Input material:

:::::

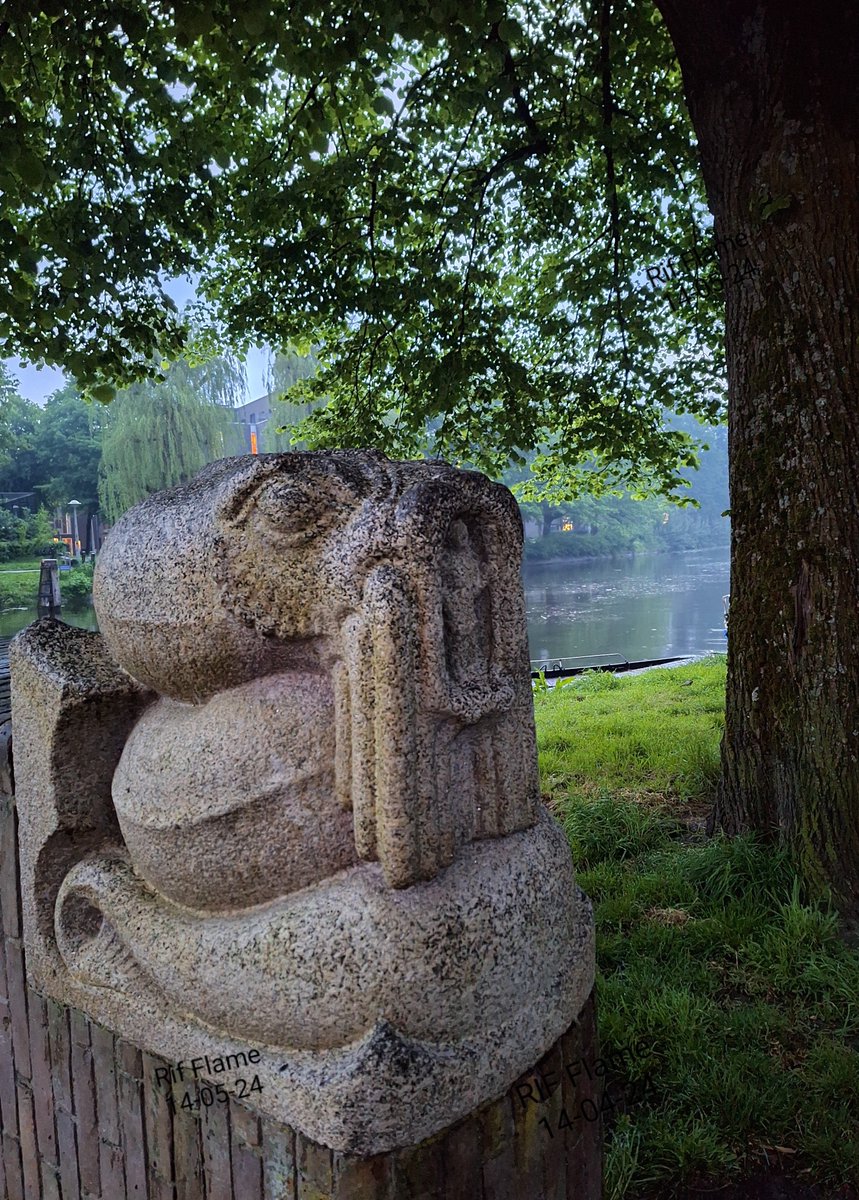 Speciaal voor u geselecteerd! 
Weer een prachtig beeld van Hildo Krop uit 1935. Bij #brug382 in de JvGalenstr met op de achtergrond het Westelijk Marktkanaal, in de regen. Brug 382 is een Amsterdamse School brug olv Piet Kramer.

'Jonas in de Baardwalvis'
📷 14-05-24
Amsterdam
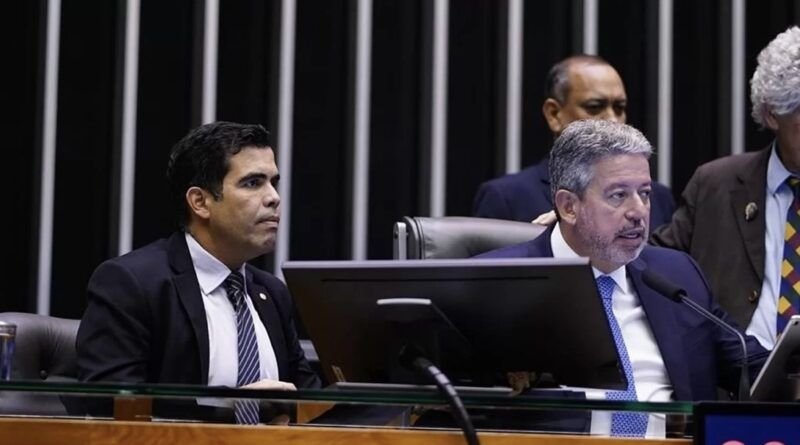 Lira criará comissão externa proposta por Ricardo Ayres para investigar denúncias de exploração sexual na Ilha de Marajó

:::::

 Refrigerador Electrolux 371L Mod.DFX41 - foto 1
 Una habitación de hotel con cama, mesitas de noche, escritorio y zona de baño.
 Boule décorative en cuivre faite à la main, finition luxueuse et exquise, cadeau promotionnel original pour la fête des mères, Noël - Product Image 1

:::::

Your task: Scan the lines above for "Refrigerador Electrolux 371L" and for "Boule décorative en". Repeat exactly the line holding each of them and every line in between.

Solution to this task:
 Refrigerador Electrolux 371L Mod.DFX41 - foto 1
 Una habitación de hotel con cama, mesitas de noche, escritorio y zona de baño.
 Boule décorative en cuivre faite à la main, finition luxueuse et exquise, cadeau promotionnel original pour la fête des mères, Noël - Product Image 1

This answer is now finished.